Non-sampling error arises from inaccuracies in collecting, recording and processing the data. Every effort was made to minimise reporting error, by the careful design of questionnaires, intensive training of survey analysts and efficient data processing procedures. Non-sampling error also occurs when information cannot be obtained from all businesses selected in the survey.

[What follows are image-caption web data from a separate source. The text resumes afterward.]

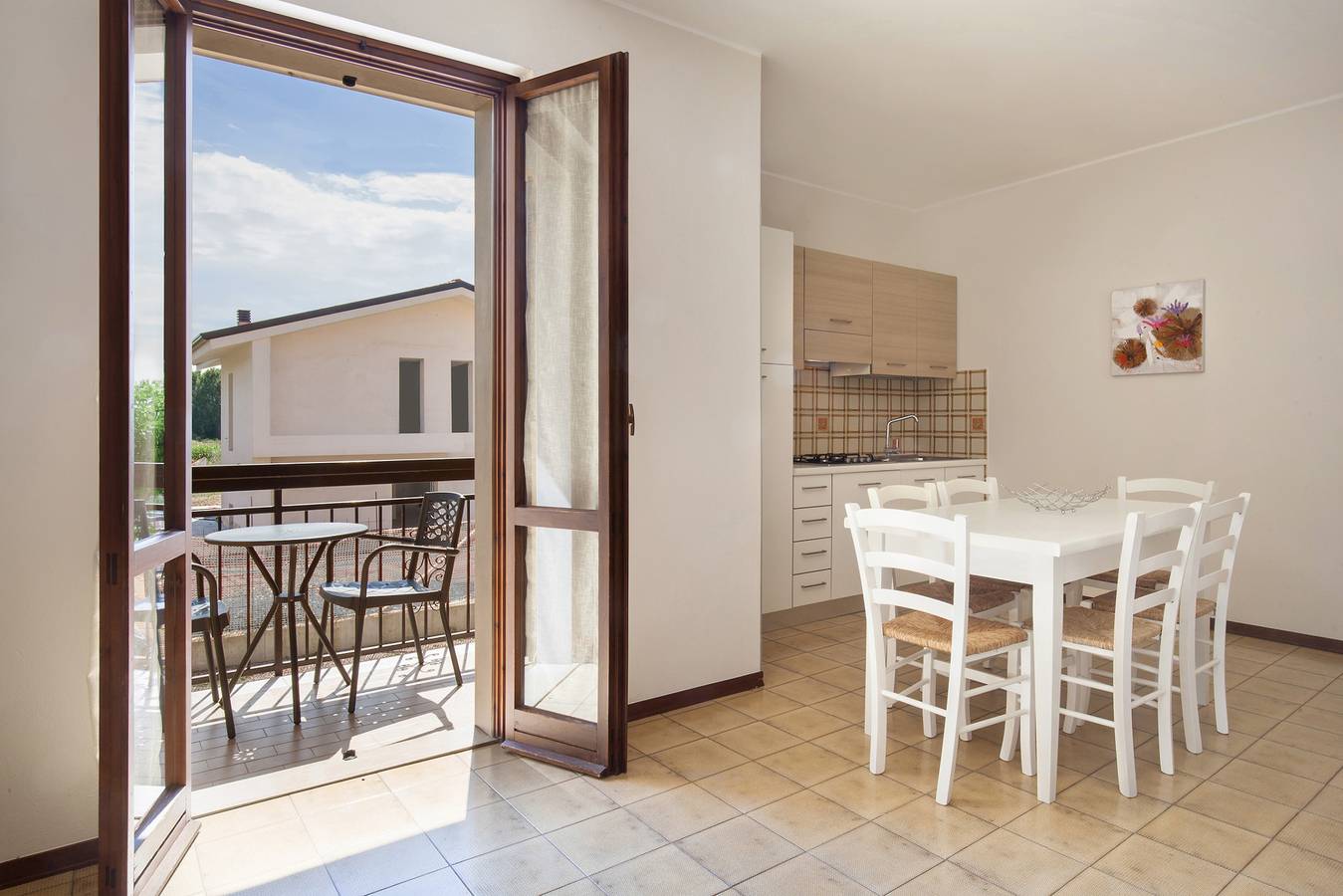 Appartamento vacanze a Lazise a partire da 200€ a notte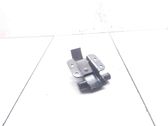 Rear door check strap stopper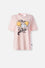 CAMISETA DE DEE DE REGULAR FIT PARA MUJER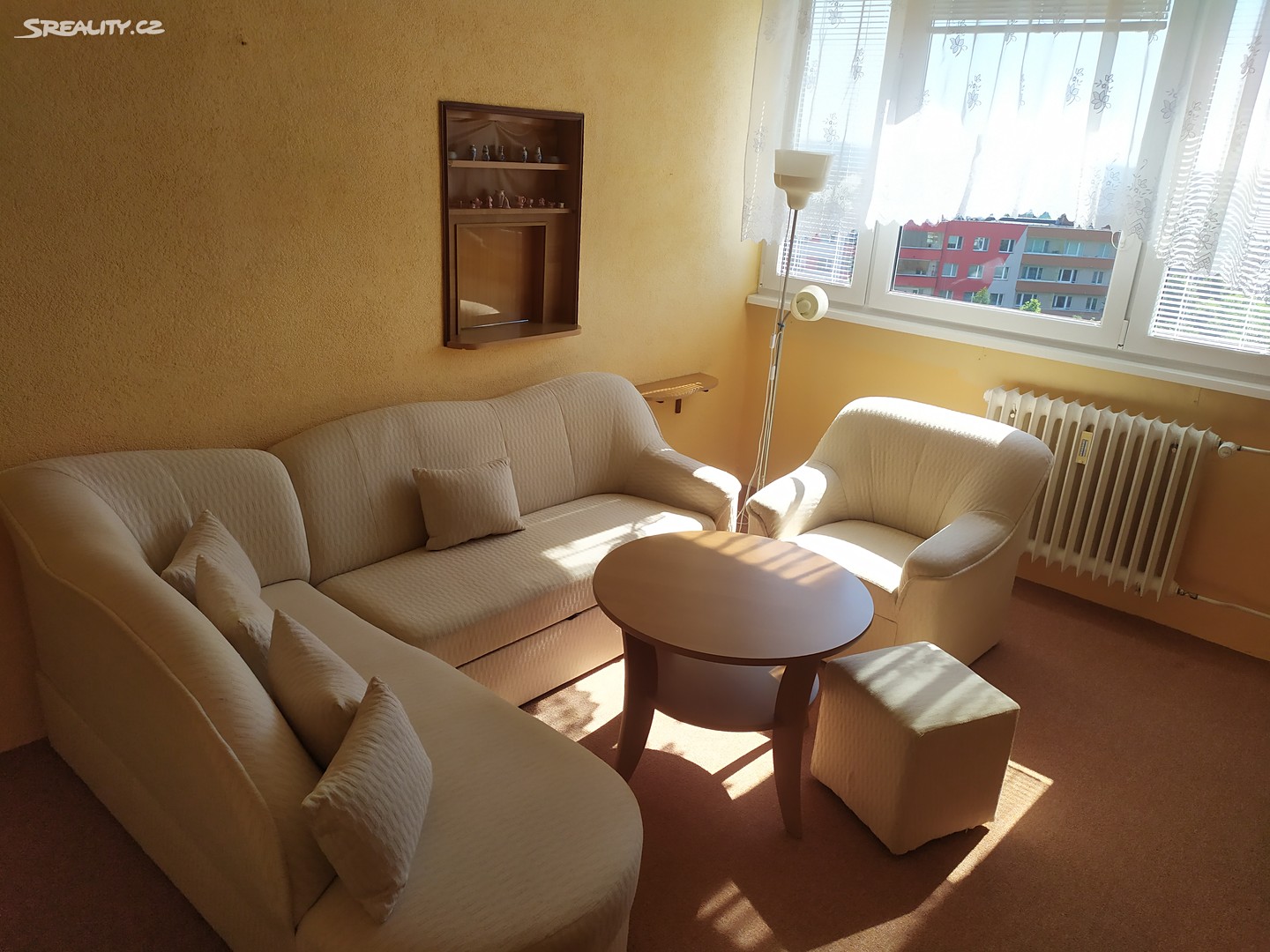 Pronájem bytu 1+1 40 m², Ivana Sekaniny, Ostrava - Poruba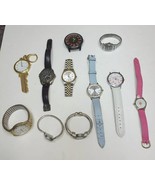 Watch Lot of 11 Assorted Style Watches.  Units are Untested Sold AS-IS - $45.33 CAD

For the 2011–12 survey of the Construction Industry, there was an 80.3% response rate from all businesses that were surveyed and found to be operating during the reference period. Data were imputed for the remaining 19.7% of operating businesses. This imputation contributed 17.3% to the estimate of total income for the Construction Industry.
Previous Private Sector Construction Industry Surveys were conducted by the ABS for the 1996–97 and 2002–03 reference periods. While the ABS seeks to maximise consistency and comparability over time by minimising changes to the survey, sound survey practice requires ongoing development to maintain the integrity of the data, their relevance to the changing needs of users and the efficiency of the survey. There have been substantial changes in scope and methodology between the surveys, so users should exercise caution when making historical comparisons.
These changes include:
- major changes between the 1993 and 2006 editions of ANZSIC which affected construction sectors.
- the introduction of an improved survey methodology, that made far greater use of Australian Taxation Office data in the survey design for Construction Industry.
Key annual industry data for ANZSIC 2006 Subdivisions 30 Building Construction, 31 Heavy and Civil Engineering Construction and 32 Construction Services are published in Australian Industry
(cat. no. 8155.0). There are important differences between statistics published in Australian Industry
and Private Sector Construction Industry
publications. Construction Industry Survey was partially integrated with Division E (Construction) in Australian Industry for 2011-12. Partial integration means that the different sample sizes have been used for producing the Construction Survey and Australian Industry estimates. Different sample sizes have resulted in minor variations between estimates due to presence of sampling error. Users should exercise caution when making comparisons between the two sets of estimates.
Estimates released in Private Sector Construction Industry, Australia, 2011–12
are available as original series only,
and are neither seasonally nor trend adjusted.
Although financial estimates in this release relate to the full twelve months, employment estimates relate to the last pay period ending in June of the given year.
Further information about terminology and other technical aspects associated with these statistics can be found in the publication Private Sector Construction Industry, Australia, 2011–12
(cat. no. 8772.0), which contains detailed Explanatory Notes
, a Technical Note
on Estimation methodology, a Technical Note
on Data quality and
Data from the 2011–12 Private Sector Construction Industry Survey are available in a variety of formats. The formats available free of charge on the ABS website are:
- main features, which include key findings commentary
- a PDF version of the publication
- spreadsheets which contain all the tables presented in the pdf version of the publication, together with additional tables.